Bu sayfayı yazdır

KADEM'den, İstanbul Sözleşmesi İçin Bayram Tefsiri

Yazan: 05 Ağustos 2020 1824

Kurbanların kesildiği, ocak gözlerine kavurma tavalarının konulduğu, yakın akraba, eş-dost arasında telefon sirkülasyonunun arttığı bir an…

Böyle bir anda, kavurma tavasının değil de, millî neşve ve saadet kazanının içine bir nifak kepçesi daldırıldı ki; bayram unutulmakla kalmadı, bayrama havî saadet günleri de bir keşmekeş arenasına döndü…

Zira KADEM, millet nezdinde bir “Avrupa Konseyi Kazığı” olarak görülen ve hissedilen İstanbul Sözleşmesi’ni, “Dikensiz Gül” olarak göstermeye matuf 16 maddelik bir bildiri yayınladı ve bu hususta milletle sonuna dek inatlaşacağını teyit etti.
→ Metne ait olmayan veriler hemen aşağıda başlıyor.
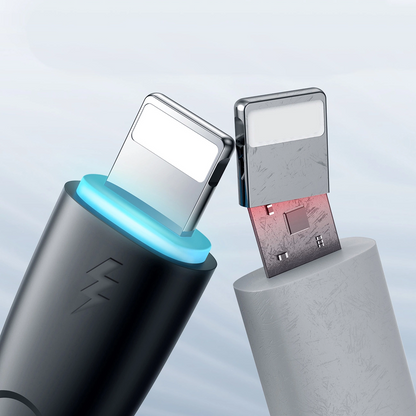 Joyroom SA32-AL3 USB-A to Lightning Data and Charging Cable, 18W, 1m, Black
Bayramı, sosyal medya mecrası üzerinden zehreden bu son müdafaa hamlesiyle görüldü ki; İstanbul Sözleşmesi adeta KADEM’in Çanakkalesi’dir ve kimseyi geçirmemeye de, adeta yeminlidir…

Düşünün ki; İstanbul Sözleşmesi için Cumhurbaşkanı Recep Tayyip Erdoğan “Nas değil!”, Ak Parti Genel Başkan Yardımcısı Numan Kurtulmuş “Çıkabiliriz!”, Bilal Erdoğan’ın TÜGVA’sı “Çıkmalıyız!” demişken, cesur ama deli bir pokerci gibi elinde-tarafında sadece Cumhurbaşkanı kızı Sümeyye Erdoğan var iken “Rest!” demiş ve İstanbul Sözleşmesi’ni “Bayram Tefsiri” edasında ve 16 başlıkta nokta nokta savunmuştur…
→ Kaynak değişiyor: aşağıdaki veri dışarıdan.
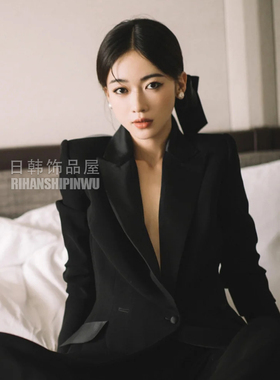 同款发夹夏季仙气风网红大蝴蝶结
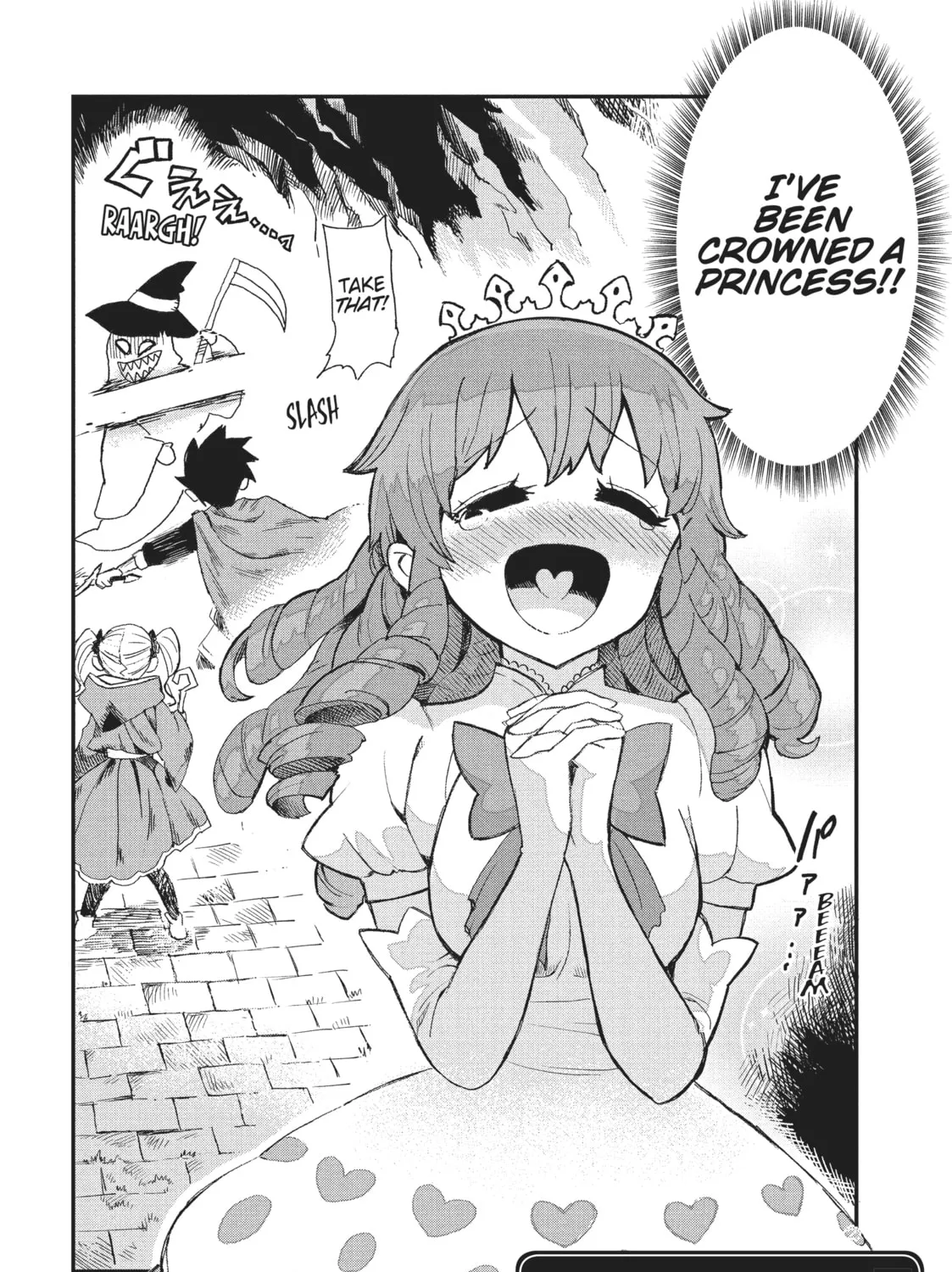 Who Says Warriors Can’t be Babes? Chapter 29 page 3 -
Milleti eşek yerine koyup, eşeğe anlatır gibi soruları kendi soran ve cevaplarını da kendi veren KADEM için İstanbul Sözleşmesi, yaptıkları müdafaadan da anlaşılmaktadır ki, KADIN BÖRTEÇİNE’sinin esaretten KURTULUŞ ERGENEKONU’dur ve onu elde etmek için nice dağlar oyduğuna, nice geçitler aştığına iliklerine dek inanmıştır!

Ama aslında KADEM ve İstanbul Sözleşmesi aşkının nispet deyişi bizce bellidir:

“Kargaya yavrusu şahindir!”

İşte bakın; KADEM KARGASI, Türkiye özelinde fikrî ve fiilî annelik ettiği İstanbul Sözleşmesi’ni savunurken bir maddeyi:

“İstanbul Sözleşmesi’nde LGBT gibi yönelimlere kapı aralayan maddeler var mıdır?”
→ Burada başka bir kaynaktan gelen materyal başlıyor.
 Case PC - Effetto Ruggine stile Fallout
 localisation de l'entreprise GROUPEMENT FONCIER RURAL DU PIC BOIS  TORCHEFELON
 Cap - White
Sorusuyla başlatmış, sonra da derhal:

“Hayır!”

Diye cevaplamış, akabinde sözleşmeyi, LGBT mevzuunda iyice temize çıkarmak için cümle serilerine devam etmiş ama dikkat, daha başka bir maddeye geçmeden ve aynı madde içinde iken şöyle bir hinlik parantezi açıp, şöyle bir hamakat üç noktası koymuştur:

“ ‘CİNSEL YÖNELİM’ kavramı sadece Sözleşme’nin 4. Maddesinde geçmektedir…”

Biz size, mücerret fikir istidadından mahrum kafaların, bakar kör edalarıyla düştükleri hamakatın misali cümlesini kuralım:

“Oturtulduktan sonra tek bir yağlı kazık, koklanan bir bahçe dolusu gülden daha carî ve hakikidir!”

Heyhat!

Biz, İstanbul Sözleşmesi’nin bütününden tüten yağlı kazığı göstermeye çalışıyoruz, KADEM de, İstanbul Sözleşmesi kırıntılarından güya gelen gül kokusunu koklatmaya çalışıyor…

Biz onları galebe çalarsak, yağlı kazıktan herkes selamette olacak… Ama ya onlar bizi galebe çalarsa?